Natalie Ferris takes a closer look at Dylan’s visual art, especially his major works in iron. She emphasizes that iron as a material has always interested Dylan and characterizes some of his gates created out of industrial iron waste. She points out the gates are tributes to craftsmanship, but that they also mark a transition from a modern industrial culture to a more uncertain future. This is neither modernism or postmodernism – rather, the artwork marks transitions while also referring to a non-place, standing both inside and outside without being fully either. Ferris considers why Dylan has sold a very large iron portal to a casino in Washington, D.C., observing the portal marks the transition from a universe governed by one logic to a universe with a different logic. The portal protrudes from the smooth marble surface and the delicate colors at the casino’s entrance.

 

The editors for this project, Dylan at 80, have engaged innovative writers who demonstrate that Dylan’s oeuvre is a growing field of research. Dylan’s unflagging productivity constantly puts new material on the table, and it is seized upon by many kinds of writers and Dylanologists. There are many great new ideas in this anthology that readers will want to hear much more about, and the mix of memoirs with analytical articles works well. It is promising that so many knowledgeable and committed people seek out Dylan’s work, draw comparisons to other artwork and poetry, and show their enthusiasm. I would have liked to have heard more about Dylan as a performer and about his involvement in films.
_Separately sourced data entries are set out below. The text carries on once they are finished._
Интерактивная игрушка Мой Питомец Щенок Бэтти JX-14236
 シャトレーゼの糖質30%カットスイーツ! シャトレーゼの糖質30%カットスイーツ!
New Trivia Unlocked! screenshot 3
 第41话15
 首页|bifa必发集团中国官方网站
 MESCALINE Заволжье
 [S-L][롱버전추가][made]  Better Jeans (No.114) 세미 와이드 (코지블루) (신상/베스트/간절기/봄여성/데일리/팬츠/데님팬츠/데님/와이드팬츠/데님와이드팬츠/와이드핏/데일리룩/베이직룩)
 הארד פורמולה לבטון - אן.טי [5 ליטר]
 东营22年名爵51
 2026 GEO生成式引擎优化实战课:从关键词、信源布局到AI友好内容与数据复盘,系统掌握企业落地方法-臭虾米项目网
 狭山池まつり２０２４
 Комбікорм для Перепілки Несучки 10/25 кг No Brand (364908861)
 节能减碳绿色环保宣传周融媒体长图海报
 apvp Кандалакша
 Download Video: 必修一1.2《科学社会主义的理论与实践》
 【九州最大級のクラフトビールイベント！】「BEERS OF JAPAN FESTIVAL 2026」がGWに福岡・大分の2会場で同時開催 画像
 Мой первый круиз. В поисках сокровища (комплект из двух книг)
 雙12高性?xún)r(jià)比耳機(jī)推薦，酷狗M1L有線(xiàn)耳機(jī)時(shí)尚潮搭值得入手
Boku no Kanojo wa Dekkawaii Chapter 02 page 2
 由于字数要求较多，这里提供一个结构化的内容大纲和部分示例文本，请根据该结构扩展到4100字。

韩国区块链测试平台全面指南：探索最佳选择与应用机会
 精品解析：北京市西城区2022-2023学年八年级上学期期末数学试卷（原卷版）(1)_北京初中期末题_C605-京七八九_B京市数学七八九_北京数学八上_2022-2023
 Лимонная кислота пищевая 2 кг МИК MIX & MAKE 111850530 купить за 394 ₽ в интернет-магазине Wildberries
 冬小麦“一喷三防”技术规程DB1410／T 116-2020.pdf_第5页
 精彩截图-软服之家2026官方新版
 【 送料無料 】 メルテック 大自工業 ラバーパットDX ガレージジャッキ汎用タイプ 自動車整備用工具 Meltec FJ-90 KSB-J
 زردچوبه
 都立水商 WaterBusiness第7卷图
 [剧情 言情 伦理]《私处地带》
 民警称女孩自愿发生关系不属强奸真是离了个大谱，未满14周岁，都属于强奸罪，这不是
It would also be interesting to look at how the different arts he engages in work together. Is there an interaction between, say, painting and songwriting, or are these isolated endeavors? Dylan’s involvement in advertising, too, could merit closer analysis. All the same, Dylan at 80 is a rewarding anthology that I’ll come back to and work on, a formidable inspiration for anyone preoccupied with Dylan, and an obligatory work on the list of books I would recommend on my own personal never-ending lecture tour.